Instructions to follow
Copy out, word for word, the lines from the start of the data below through the line containing "Griffoir en sisal", and no others.

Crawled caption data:
=== Section Start ===

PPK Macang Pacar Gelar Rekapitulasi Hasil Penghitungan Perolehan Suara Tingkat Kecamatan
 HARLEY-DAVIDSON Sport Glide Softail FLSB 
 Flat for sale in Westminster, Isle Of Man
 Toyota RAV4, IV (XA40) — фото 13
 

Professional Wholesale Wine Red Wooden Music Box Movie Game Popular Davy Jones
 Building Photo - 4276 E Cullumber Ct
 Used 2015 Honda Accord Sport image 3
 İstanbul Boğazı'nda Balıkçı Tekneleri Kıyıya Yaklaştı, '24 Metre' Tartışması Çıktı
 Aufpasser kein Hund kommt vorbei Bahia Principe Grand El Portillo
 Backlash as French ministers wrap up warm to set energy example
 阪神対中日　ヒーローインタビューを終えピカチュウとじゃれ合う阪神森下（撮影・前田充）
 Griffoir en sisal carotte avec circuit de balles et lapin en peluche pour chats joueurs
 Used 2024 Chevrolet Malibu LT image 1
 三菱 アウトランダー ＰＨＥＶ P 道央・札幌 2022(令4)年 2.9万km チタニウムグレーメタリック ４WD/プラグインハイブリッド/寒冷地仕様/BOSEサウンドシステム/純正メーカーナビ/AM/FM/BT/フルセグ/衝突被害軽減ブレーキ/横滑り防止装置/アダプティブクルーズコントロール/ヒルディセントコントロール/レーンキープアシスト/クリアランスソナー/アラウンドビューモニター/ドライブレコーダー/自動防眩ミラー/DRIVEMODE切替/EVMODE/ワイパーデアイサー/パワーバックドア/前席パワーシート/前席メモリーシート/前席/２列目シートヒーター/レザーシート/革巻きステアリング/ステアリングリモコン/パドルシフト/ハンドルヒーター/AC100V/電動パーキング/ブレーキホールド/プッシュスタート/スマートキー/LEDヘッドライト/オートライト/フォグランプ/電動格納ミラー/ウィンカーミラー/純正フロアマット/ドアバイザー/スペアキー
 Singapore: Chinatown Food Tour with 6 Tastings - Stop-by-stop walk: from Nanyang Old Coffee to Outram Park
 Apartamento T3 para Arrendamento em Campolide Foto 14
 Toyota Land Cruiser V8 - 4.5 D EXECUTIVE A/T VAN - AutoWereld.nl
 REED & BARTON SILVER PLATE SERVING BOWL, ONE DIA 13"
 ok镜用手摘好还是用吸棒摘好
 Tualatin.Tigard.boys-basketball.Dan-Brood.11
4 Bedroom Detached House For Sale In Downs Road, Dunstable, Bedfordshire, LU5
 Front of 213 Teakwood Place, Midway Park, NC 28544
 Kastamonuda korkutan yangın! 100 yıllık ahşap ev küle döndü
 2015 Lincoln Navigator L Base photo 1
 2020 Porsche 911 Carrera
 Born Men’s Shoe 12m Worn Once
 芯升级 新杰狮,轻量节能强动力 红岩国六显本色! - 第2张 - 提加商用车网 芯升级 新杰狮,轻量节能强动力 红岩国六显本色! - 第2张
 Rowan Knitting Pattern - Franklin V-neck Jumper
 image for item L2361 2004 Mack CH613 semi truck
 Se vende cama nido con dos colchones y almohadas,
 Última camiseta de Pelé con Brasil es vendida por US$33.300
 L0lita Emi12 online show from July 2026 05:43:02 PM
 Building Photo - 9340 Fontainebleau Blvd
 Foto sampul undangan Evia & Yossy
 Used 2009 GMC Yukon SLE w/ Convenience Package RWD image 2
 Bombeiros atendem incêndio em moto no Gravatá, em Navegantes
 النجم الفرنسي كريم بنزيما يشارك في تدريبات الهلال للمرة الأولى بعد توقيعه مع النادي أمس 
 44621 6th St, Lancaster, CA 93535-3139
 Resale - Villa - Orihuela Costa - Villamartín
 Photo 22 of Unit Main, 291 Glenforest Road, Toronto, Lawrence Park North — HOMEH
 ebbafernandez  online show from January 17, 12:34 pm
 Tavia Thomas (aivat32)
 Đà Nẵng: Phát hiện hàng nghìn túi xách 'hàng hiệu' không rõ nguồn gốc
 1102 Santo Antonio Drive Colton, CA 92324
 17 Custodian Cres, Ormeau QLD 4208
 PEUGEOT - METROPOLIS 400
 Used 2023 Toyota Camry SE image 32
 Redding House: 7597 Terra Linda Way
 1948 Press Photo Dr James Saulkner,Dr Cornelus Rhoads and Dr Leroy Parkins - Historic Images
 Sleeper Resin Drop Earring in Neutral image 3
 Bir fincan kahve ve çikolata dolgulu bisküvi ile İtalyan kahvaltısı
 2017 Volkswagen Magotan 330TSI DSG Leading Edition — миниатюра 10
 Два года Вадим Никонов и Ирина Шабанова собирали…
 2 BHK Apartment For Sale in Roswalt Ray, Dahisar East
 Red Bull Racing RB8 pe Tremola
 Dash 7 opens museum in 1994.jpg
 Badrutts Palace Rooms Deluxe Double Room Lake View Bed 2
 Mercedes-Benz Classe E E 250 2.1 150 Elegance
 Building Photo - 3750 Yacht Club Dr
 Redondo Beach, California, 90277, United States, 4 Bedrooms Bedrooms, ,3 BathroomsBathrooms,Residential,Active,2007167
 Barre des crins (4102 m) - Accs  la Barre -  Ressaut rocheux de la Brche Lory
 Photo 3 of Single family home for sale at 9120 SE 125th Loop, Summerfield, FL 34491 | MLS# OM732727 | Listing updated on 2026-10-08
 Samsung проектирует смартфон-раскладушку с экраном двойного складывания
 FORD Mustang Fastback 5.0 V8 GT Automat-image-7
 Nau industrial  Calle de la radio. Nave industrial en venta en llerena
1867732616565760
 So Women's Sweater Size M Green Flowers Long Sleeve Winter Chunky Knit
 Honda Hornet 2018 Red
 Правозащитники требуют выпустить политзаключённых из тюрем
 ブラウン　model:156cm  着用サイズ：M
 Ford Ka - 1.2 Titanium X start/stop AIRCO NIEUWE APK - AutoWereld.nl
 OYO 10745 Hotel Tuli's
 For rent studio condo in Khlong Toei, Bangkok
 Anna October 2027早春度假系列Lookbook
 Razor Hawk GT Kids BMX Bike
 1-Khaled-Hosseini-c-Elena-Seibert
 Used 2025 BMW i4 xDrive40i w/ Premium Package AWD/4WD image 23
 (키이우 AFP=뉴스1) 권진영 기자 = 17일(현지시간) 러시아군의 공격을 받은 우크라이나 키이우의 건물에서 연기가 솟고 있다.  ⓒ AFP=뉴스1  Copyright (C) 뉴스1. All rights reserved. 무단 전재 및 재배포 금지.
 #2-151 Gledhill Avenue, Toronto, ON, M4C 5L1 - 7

=== Section End ===

Answer to the problem
PPK Macang Pacar Gelar Rekapitulasi Hasil Penghitungan Perolehan Suara Tingkat Kecamatan
 HARLEY-DAVIDSON Sport Glide Softail FLSB 
 Flat for sale in Westminster, Isle Of Man
 Toyota RAV4, IV (XA40) — фото 13
 

Professional Wholesale Wine Red Wooden Music Box Movie Game Popular Davy Jones
 Building Photo - 4276 E Cullumber Ct
 Used 2015 Honda Accord Sport image 3
 İstanbul Boğazı'nda Balıkçı Tekneleri Kıyıya Yaklaştı, '24 Metre' Tartışması Çıktı
 Aufpasser kein Hund kommt vorbei Bahia Principe Grand El Portillo
 Backlash as French ministers wrap up warm to set energy example
 阪神対中日　ヒーローインタビューを終えピカチュウとじゃれ合う阪神森下（撮影・前田充）
 Griffoir en sisal carotte avec circuit de balles et lapin en peluche pour chats joueurs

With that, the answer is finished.